[Start of Attachment]
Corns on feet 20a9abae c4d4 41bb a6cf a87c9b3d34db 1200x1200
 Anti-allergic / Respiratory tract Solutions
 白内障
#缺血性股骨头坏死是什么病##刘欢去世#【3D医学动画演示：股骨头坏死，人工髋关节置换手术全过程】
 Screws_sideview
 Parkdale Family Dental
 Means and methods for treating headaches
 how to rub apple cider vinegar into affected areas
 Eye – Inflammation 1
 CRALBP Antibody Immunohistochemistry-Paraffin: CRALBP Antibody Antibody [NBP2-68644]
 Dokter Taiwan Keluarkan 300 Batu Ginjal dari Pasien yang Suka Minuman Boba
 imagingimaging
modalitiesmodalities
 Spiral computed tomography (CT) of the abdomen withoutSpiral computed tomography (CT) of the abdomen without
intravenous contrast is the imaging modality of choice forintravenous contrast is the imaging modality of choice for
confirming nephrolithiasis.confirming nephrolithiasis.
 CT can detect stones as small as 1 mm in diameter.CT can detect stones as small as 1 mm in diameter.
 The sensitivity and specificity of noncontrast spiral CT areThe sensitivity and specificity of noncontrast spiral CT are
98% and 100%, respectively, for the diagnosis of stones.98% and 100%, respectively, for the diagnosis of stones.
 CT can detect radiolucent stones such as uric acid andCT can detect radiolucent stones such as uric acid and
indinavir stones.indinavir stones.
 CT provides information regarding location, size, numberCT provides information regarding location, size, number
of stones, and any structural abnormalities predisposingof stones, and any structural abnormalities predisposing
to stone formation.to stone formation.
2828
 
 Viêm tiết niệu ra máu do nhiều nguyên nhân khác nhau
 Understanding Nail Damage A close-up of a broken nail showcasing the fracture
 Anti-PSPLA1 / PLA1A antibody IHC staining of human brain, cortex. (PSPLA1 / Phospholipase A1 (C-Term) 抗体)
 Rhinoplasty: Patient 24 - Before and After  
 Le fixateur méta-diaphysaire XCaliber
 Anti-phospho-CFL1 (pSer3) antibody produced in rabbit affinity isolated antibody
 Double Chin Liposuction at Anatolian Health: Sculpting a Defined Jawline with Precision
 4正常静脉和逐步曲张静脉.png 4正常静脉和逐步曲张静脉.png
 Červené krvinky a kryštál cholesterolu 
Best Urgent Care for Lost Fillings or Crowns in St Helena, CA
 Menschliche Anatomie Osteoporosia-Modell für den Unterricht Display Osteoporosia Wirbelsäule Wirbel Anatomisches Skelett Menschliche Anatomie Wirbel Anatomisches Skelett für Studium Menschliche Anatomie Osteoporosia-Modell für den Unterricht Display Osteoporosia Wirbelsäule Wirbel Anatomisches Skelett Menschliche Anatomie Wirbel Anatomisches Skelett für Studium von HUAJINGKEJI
[End of Attachment]
TASK DIRECTIONS |
Return only the number of lines in the listing that contain the string "detect".

SOLUTION TO THE EXERCISE |
2